(Problem): What you return must match the listing below character for character, minus any pictures.

(Data provided):
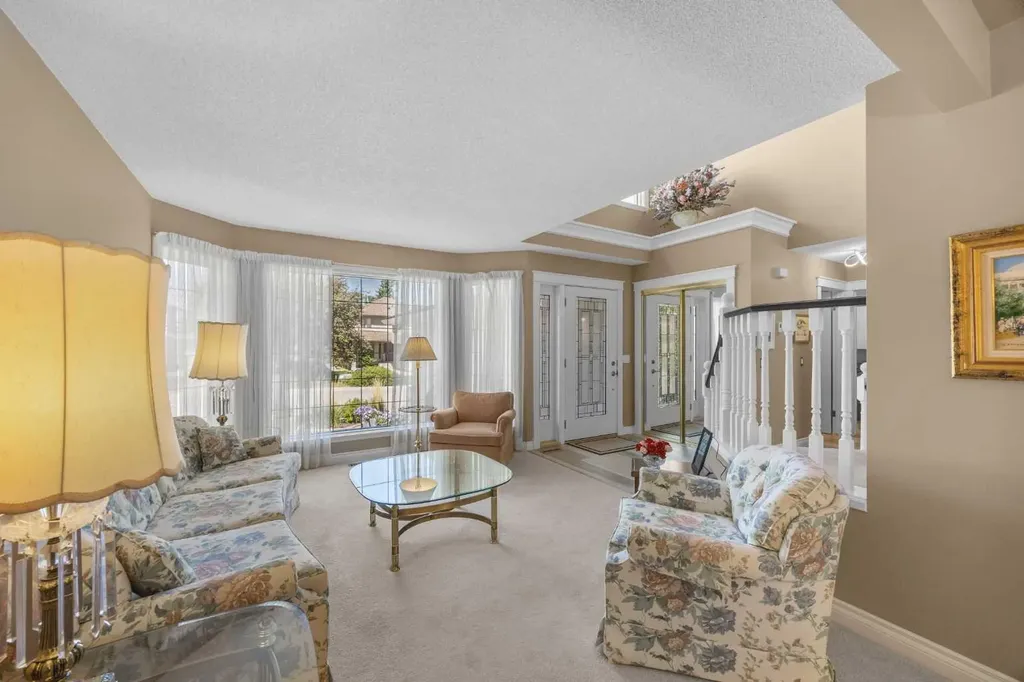 43 Hampstead Close NW Calgary AB T3A 5J3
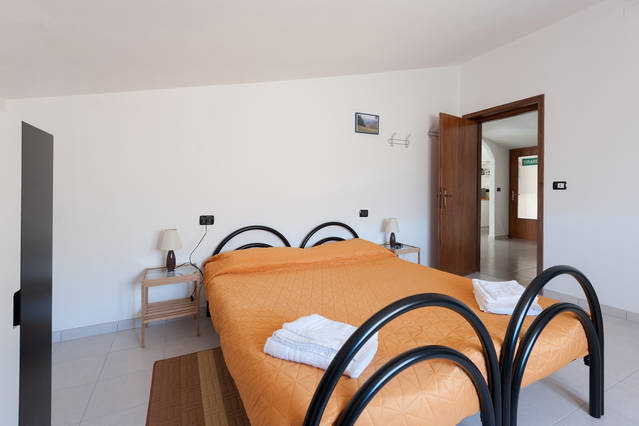 Bed-and-breakfast Valtaro: camera beige matrimoniale o 2 singoli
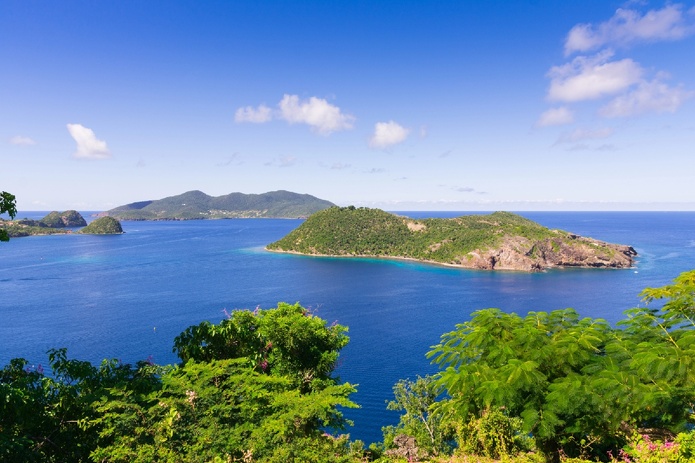 Antilles françaises : Guadeloupe et Martinique veulent impulser un nouvel élan - Depositphotos.com Auteur nicousnake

(Result):
 43 Hampstead Close NW Calgary AB T3A 5J3
 Bed-and-breakfast Valtaro: camera beige matrimoniale o 2 singoli
 Antilles françaises : Guadeloupe et Martinique veulent impulser un nouvel élan - Depositphotos.com Auteur nicousnake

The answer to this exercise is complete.